Context-Inappropriate Capability

Medium
Confidence
91% confidence
Finding
Requiring `umeng-cli` and invoking it as a subprocess expands the attack surface beyond simple API querying by adding shell execution capability and dependency trust. Any subprocess execution path can be abused through argument handling mistakes, compromised local binaries, or unexpected environment influence, making the skill more dangerous than its declared purpose suggests.

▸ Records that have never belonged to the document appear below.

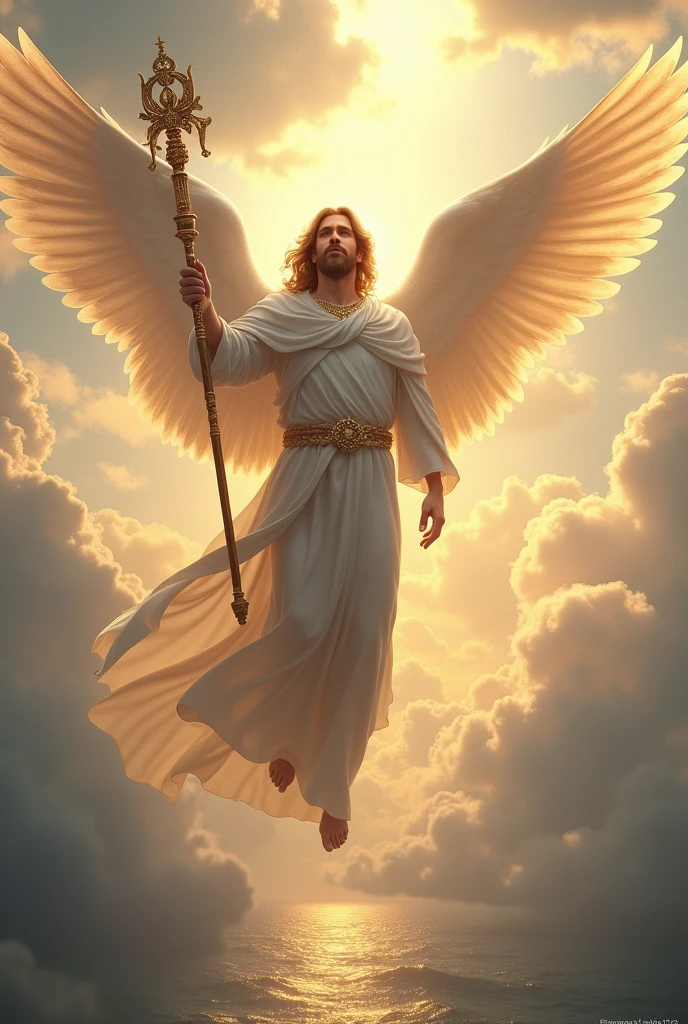 Male Archangel Raphael, angel of Health with his esculapio support In his hand. a cloudy and shine sky floating over the sea,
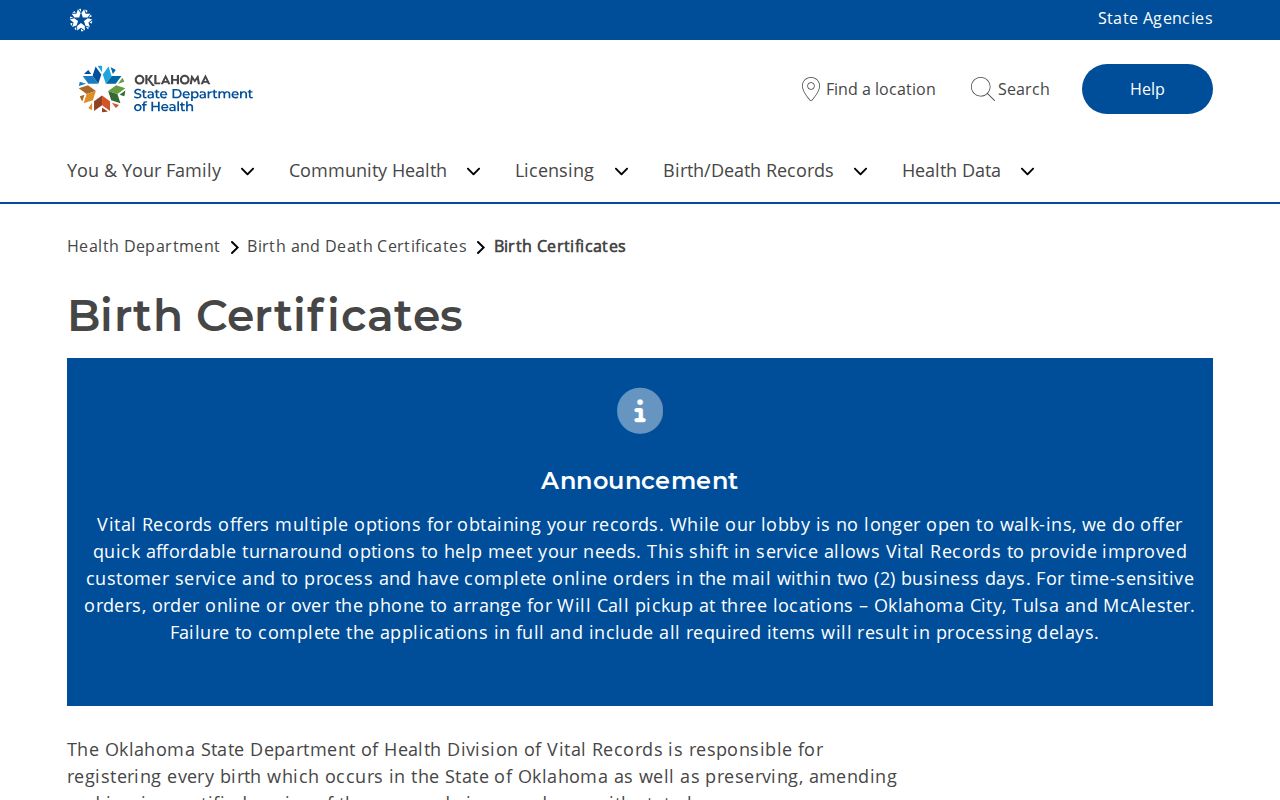 Yukon residents directory Oklahoma birth records service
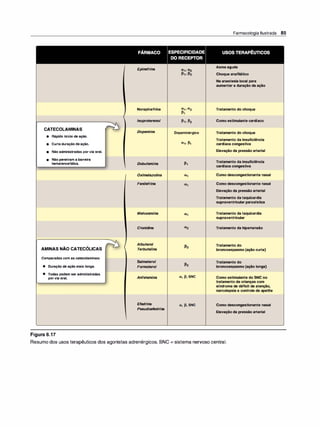 CATECOLAMINAS
• Rápido início de ação.
• Curta duração de ação.
• Não administradas por via oral.
• Não penetram a barreira
hematencefálica.
AMINAS NÃO CATECÓLICAS
Comparadas com as catecolaminas:
• Duração de ação mais longa.
• Todas podem ser administradas
por via oral.
Figura 6.17
Epinefrina
Norepinefrina
/soproterenol
Dopamina
Dobutamina
Oximetazoli
na
Fenilefrina
Metoxamina
Clonidi
na
Albuterol
Terbutalina
Salmeterol
Formoterol
Anfetamina
Efedrina
Pseudoefedrina
ª1• ª2
P1
P1. P2
Dopaminérgico
ª1• P1
P1
a, p, SNC
a, p, SNC
Farmacologia Ilustrada 85
Asma aguda
Choque anafilático
Na anestesia local para
aumentar a duração da ação
Tratamento do choque
Como estimulante cardíaco
Tratamento do choque
Tratamento da insuficiência
cardíaca congestiva
Elevação da pressão arterial
Tratamento da insuficiência
cardíaca congestiva
Como descongestionante nasal
Como descongestionante nasal
Elevação da pressão arterial
Tratamento da taquicardia
supraventricular paroxística
Tratamento da taquicardia
supraventricular
Tratamento da hipertensão
Tratamento do
broncoespasmo (ação curta)
Tratamento do
broncoespasmo (ação longa)
Como estimulante do SNC no
tratamento de crianças com
síndrome de déficit de atenção,
narcolepsia e controle de apetite
Como descongestionante nasal
Elevação da pressão arterial
Resumo dos usos terapêuticos dos agonistas adrenérgicos. SNC = sistema nervoso central.
 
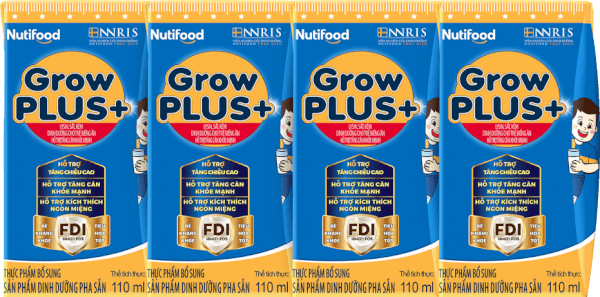Sữa GrowPLUS+ Xanh 2+ 110ml (lốc 4 hộp)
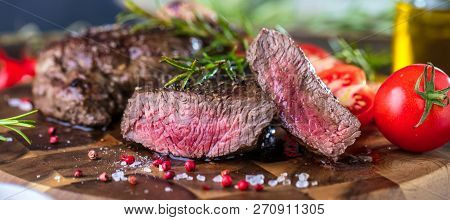 Fresh Juicy Medium Rare Beef Grillsteak. Barbecue Meat Close Up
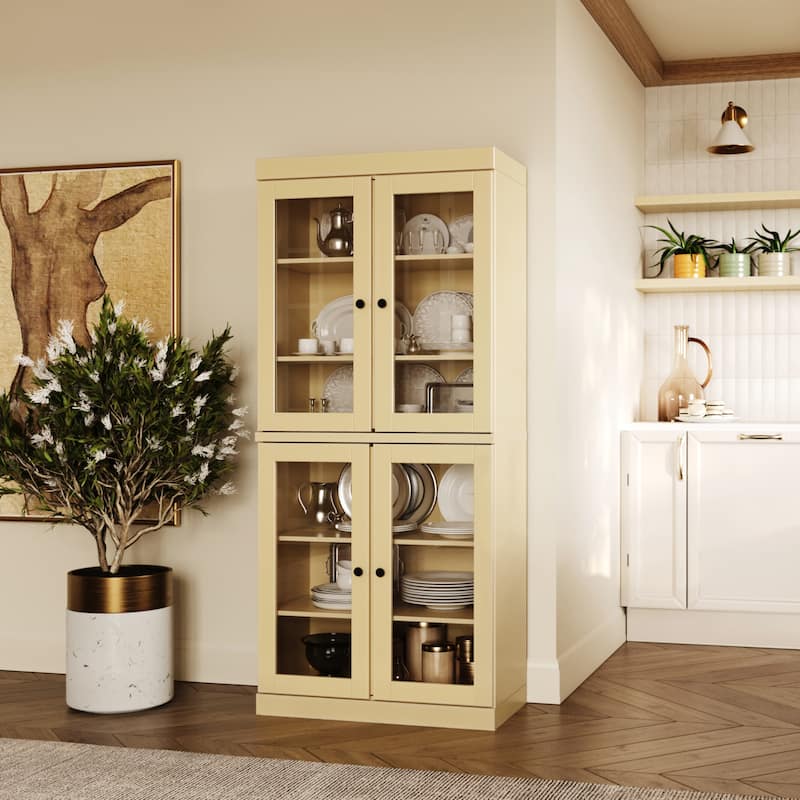 Palace Imports 100% Solid Wood Pantry Cabinet with Frosted, Clear Glass or Solid Doors and Adjustable Shelves - Yellow - Clear Glass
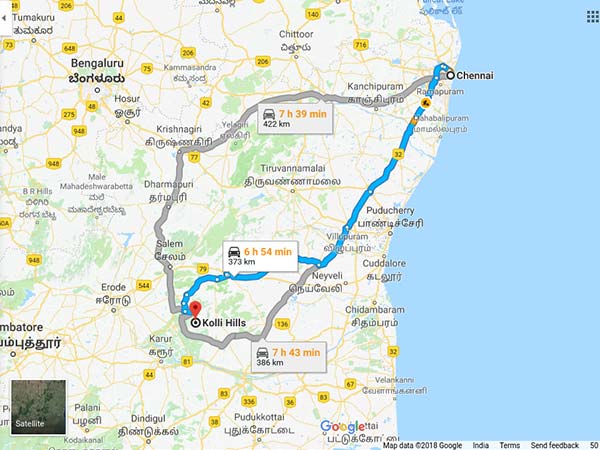 ചെന്നൈയിൽ നിന്ന് കൊല്ലി മലയിലേയ്ക്ക് എങ്ങനെ എത്തിച്ചേരാം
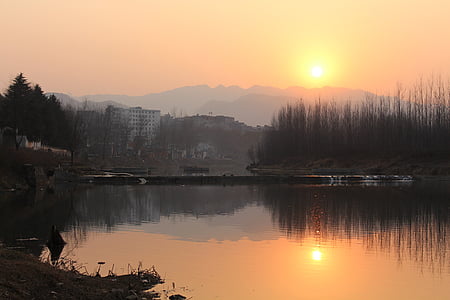 solnedgång, färja, avlägsna hills, Riverside, reflektion, naturen, sjön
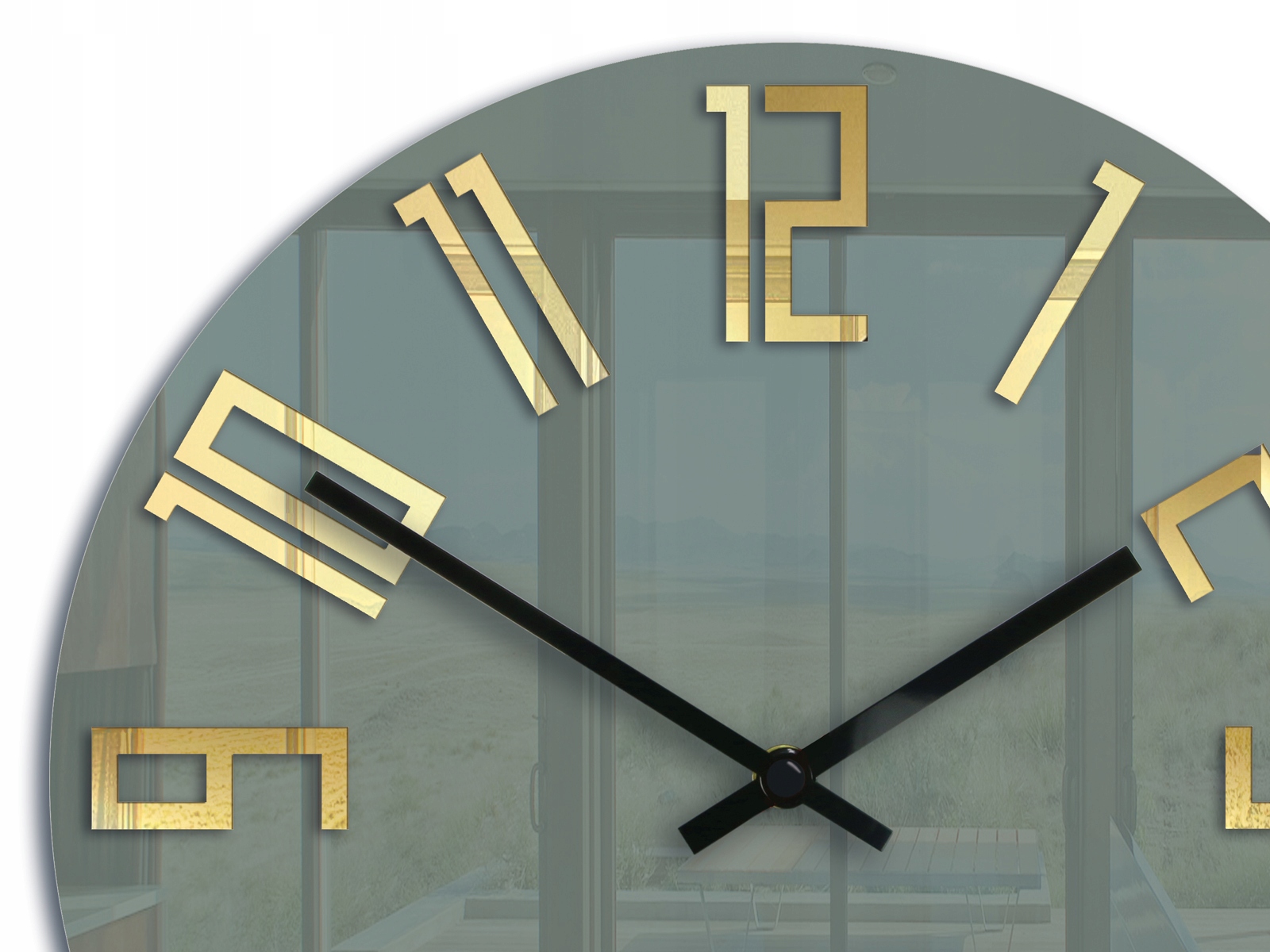 Zegar ścienny ModernClock SLIM Szaro-Złoty CICHY Zasilanie baterie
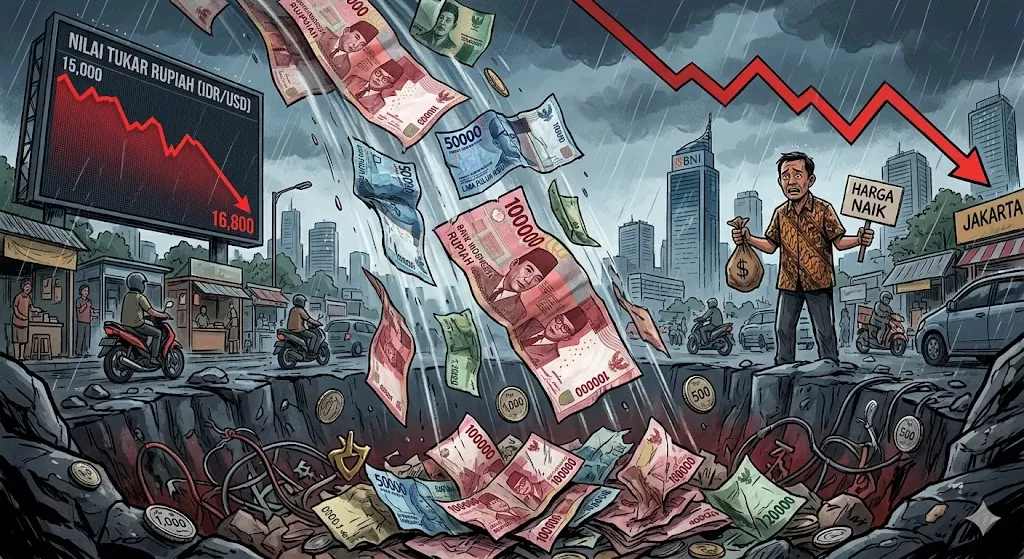 Akhirnya....Nilai Tukar Rupiah Hari Ini Kamis 4 Juni Tembus Rp18.000 per Dolar AS. (KlikSoloNews/dok AI)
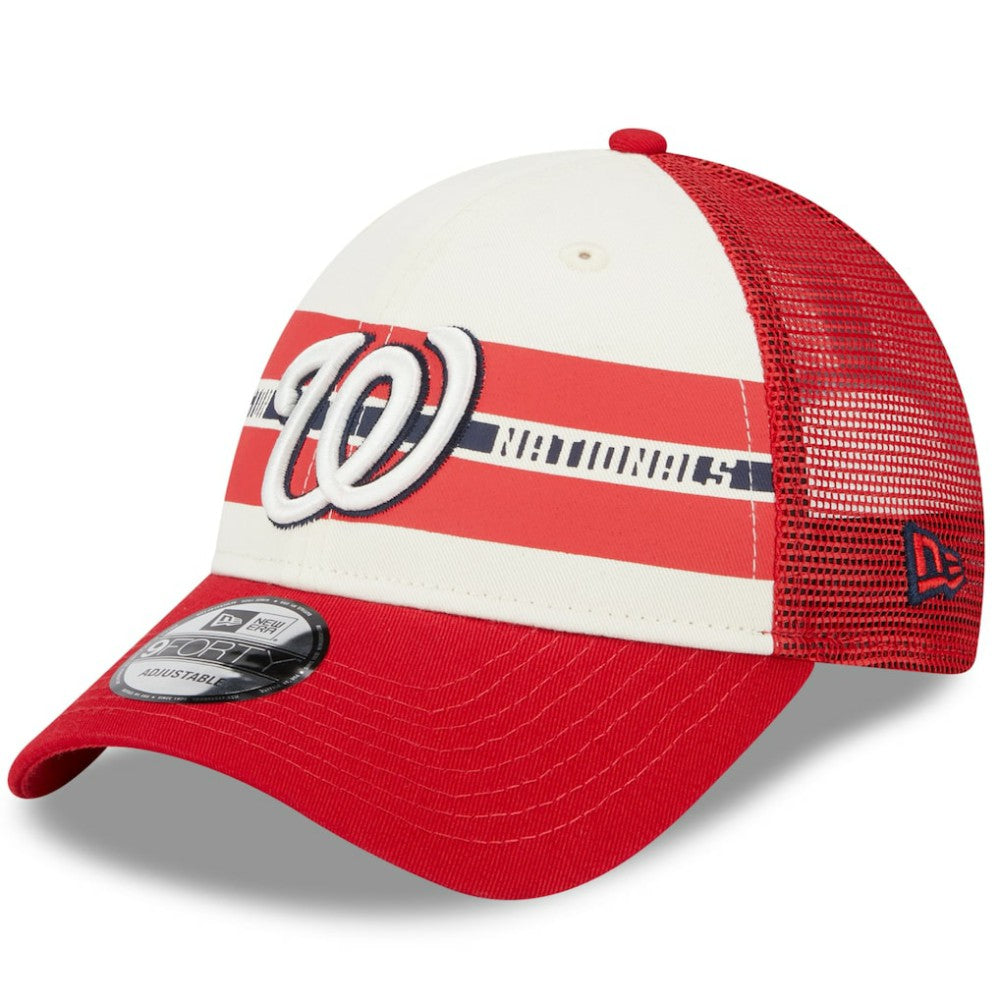 Washington Nationals New Era Team Stripe Trucker 9FORTY Snapback Hat Clearance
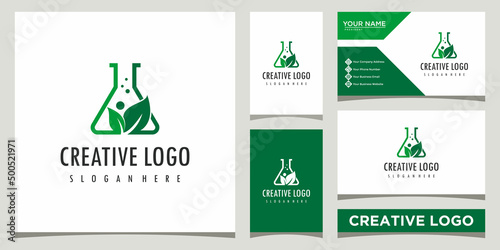 leaf and lab logo design template with business card design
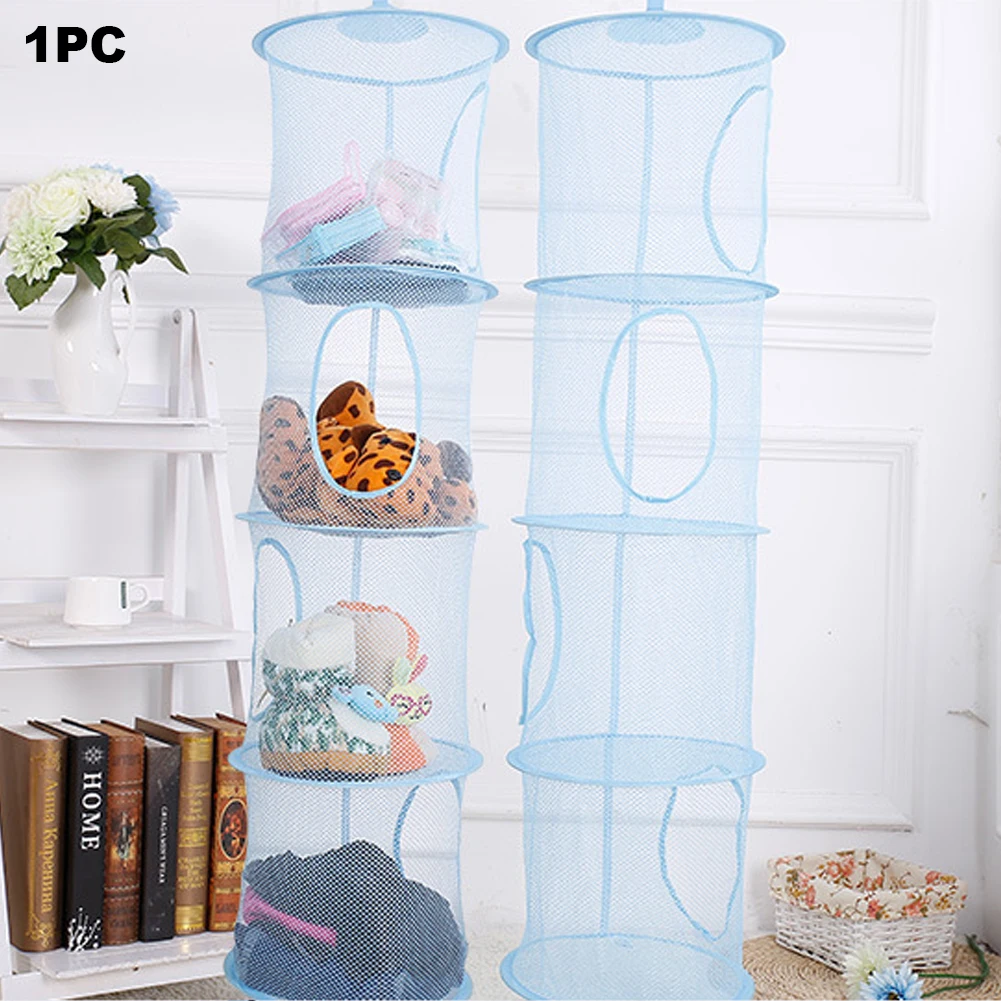 Hanging Storage Net Hanging Toy Storage 4 Tier Mesh Hanging Storage Basket Foldable Space Saving Organizer for Clothes Sundries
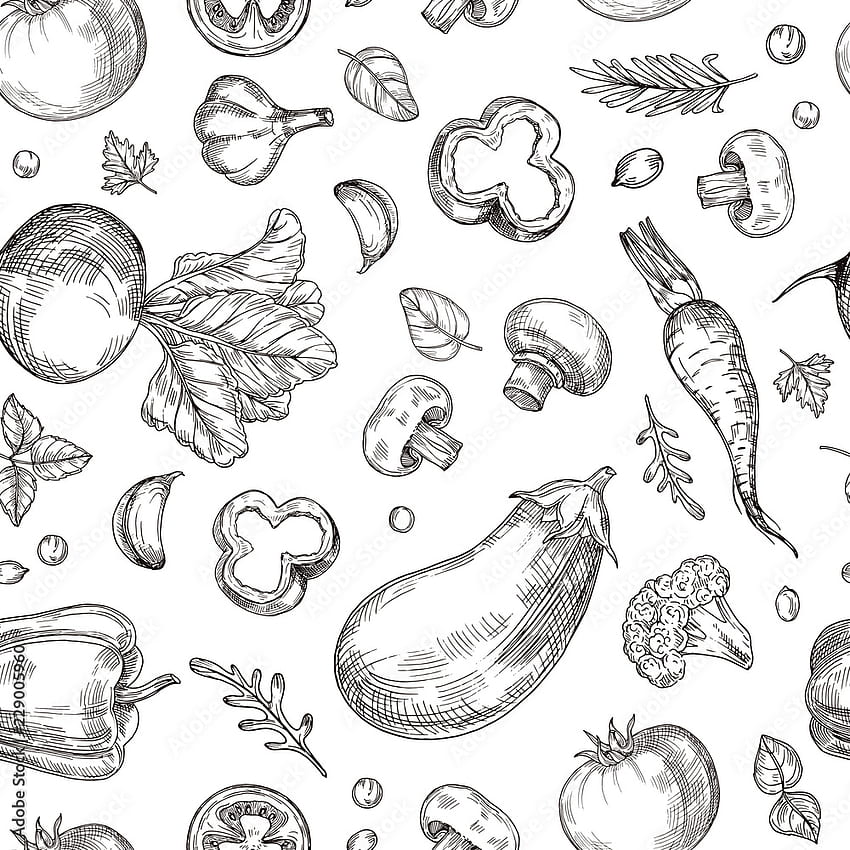 Vegetable hand drawn seamless pattern. Fresh vegetarian food, garden vegetables. Etching drawing vector vintage . Illustration of healthy fresh background drawing beet and eggplant Stock Vector. Adobe Stock HD phone wallpaper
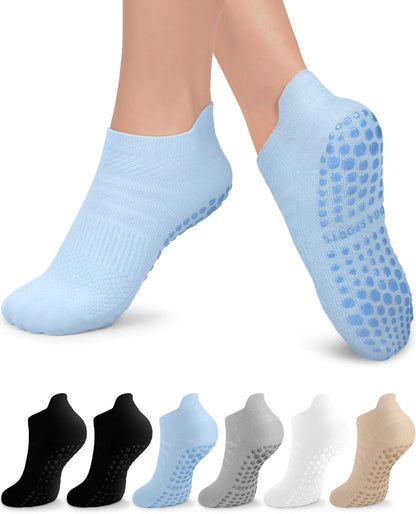 6 Pairs Pilates Grip Socks for Women, Non-slip Yoga Athletic Socks for Barre Ballet Barefoot Workout Hospital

Description-Behavior Mismatch

High
Confidence
97% confidence
Finding
This module implements hidden usage telemetry rather than the UApp outlier-query behavior described in the skill metadata, creating a clear mismatch between declared functionality and actual behavior. In a user-facing skill, undisclosed telemetry is dangerous because it can exfiltrate appkeys and other operational metadata to an external tool without informed consent, violating least surprise and potentially privacy or compliance requirements.

Missing User Warnings

Medium
Confidence
91% confidence
Finding
The README explicitly tells users to copy a template to a local JSON file and fill in real API credentials, but it does not warn them to protect the file, exclude it from version control, or avoid sharing it. In a developer workflow, this omission materially increases the chance of accidental secret exposure through commits, backups, screenshots, or support bundles.

Missing User Warnings

Medium
Confidence
88% confidence
Finding
The skill directs the agent to discover credentials from `umeng-config.json` and environment variables without an explicit warning or consent step. This is dangerous because it encourages silent harvesting of sensitive secrets from the user's machine, expanding access beyond what the user may have intentionally provided in the conversation.

Missing User Warnings

Medium
Confidence
90% confidence
Finding
The examples show credentials being embedded in outbound requests to external Umeng endpoints, but the skill does not clearly warn users that local or provided secrets will be transmitted off-machine. This lack of disclosure can lead to uninformed secret exposure, especially when credentials are auto-discovered from local sources.

Missing User Warnings

Medium
Confidence
94% confidence
Finding
The code transmits statistics events to an external CLI with no visible user-facing disclosure or consent flow in this module. In the context of a skill advertised for querying monitoring data, silent outbound telemetry is more dangerous because users would not reasonably expect their usage patterns or appkeys to be sent elsewhere, increasing privacy, trust, and compliance risk.

VirusTotal

66/66 vendors flagged this skill as clean.